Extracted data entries
────────────────────

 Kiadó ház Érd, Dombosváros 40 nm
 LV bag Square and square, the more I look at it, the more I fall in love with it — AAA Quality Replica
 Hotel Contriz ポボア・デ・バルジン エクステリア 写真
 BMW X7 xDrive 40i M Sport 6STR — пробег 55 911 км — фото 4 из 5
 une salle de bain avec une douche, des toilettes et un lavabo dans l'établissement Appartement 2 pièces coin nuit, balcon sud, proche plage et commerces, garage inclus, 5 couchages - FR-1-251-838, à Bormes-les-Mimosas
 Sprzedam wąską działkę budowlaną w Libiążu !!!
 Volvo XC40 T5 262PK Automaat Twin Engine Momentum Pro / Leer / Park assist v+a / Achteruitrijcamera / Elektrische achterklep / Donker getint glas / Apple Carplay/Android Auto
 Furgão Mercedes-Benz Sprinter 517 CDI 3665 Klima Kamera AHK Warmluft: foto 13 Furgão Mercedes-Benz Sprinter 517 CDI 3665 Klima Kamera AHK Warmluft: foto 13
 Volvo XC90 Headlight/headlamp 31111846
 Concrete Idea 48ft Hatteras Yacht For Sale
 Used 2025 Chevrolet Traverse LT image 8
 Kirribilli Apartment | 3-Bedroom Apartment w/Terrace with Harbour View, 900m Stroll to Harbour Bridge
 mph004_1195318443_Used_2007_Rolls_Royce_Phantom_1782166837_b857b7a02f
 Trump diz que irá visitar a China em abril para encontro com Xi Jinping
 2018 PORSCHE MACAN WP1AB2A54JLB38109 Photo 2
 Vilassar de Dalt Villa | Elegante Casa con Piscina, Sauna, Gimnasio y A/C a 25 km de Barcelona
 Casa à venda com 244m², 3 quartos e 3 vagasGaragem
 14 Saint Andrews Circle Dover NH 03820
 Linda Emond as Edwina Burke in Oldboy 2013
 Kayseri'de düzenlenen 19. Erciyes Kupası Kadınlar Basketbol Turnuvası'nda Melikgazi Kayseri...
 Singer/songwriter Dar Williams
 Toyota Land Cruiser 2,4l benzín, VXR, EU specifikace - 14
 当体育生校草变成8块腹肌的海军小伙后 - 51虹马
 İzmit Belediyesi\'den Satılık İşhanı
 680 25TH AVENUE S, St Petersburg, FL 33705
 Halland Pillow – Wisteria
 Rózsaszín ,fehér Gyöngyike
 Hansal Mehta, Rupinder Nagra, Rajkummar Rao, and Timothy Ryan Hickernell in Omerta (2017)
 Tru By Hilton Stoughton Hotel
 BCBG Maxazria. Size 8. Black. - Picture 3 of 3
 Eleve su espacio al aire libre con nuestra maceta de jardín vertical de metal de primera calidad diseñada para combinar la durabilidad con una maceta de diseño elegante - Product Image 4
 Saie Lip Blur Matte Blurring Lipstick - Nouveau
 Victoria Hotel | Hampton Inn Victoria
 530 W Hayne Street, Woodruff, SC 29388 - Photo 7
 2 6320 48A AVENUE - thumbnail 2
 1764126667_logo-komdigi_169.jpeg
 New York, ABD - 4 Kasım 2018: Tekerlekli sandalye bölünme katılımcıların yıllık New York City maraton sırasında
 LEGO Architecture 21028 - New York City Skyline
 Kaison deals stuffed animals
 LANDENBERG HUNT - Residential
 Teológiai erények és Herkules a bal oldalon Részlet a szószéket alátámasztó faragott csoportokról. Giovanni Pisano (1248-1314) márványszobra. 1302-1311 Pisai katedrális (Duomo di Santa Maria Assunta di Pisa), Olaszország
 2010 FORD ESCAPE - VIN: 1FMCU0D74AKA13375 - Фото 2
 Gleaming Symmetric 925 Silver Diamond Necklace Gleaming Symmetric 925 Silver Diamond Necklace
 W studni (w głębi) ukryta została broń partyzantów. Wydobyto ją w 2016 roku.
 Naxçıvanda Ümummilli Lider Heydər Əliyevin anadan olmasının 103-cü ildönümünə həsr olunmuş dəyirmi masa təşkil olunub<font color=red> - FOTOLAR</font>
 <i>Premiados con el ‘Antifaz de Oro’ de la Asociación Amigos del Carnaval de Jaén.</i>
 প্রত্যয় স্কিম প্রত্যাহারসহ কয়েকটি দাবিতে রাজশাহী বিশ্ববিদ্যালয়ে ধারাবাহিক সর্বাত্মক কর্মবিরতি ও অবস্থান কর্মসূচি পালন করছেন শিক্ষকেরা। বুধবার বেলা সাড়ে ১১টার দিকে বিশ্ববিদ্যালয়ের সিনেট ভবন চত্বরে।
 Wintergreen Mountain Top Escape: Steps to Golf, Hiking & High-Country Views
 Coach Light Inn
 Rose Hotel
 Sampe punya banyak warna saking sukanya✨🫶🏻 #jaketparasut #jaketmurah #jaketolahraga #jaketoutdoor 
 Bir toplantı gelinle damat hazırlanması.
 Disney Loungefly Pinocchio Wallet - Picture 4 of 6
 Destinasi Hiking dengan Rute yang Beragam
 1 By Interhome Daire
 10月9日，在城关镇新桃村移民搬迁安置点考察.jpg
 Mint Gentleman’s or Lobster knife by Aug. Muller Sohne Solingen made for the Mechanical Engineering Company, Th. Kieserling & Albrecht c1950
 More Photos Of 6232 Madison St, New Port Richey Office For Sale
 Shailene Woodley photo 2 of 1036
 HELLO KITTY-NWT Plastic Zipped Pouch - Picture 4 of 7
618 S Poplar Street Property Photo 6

────────────────────

PROBLEM DETAILS — Above this instruction are the records; retype exactly the lines from the one containing "当体育生校草变成8块腹肌的海军小伙后 - 51虹马" up to and including the one containing "New York, ABD".

RESULT OF THIS TASK —
 当体育生校草变成8块腹肌的海军小伙后 - 51虹马
 İzmit Belediyesi\'den Satılık İşhanı
 680 25TH AVENUE S, St Petersburg, FL 33705
 Halland Pillow – Wisteria
 Rózsaszín ,fehér Gyöngyike
 Hansal Mehta, Rupinder Nagra, Rajkummar Rao, and Timothy Ryan Hickernell in Omerta (2017)
 Tru By Hilton Stoughton Hotel
 BCBG Maxazria. Size 8. Black. - Picture 3 of 3
 Eleve su espacio al aire libre con nuestra maceta de jardín vertical de metal de primera calidad diseñada para combinar la durabilidad con una maceta de diseño elegante - Product Image 4
 Saie Lip Blur Matte Blurring Lipstick - Nouveau
 Victoria Hotel | Hampton Inn Victoria
 530 W Hayne Street, Woodruff, SC 29388 - Photo 7
 2 6320 48A AVENUE - thumbnail 2
 1764126667_logo-komdigi_169.jpeg
 New York, ABD - 4 Kasım 2018: Tekerlekli sandalye bölünme katılımcıların yıllık New York City maraton sırasında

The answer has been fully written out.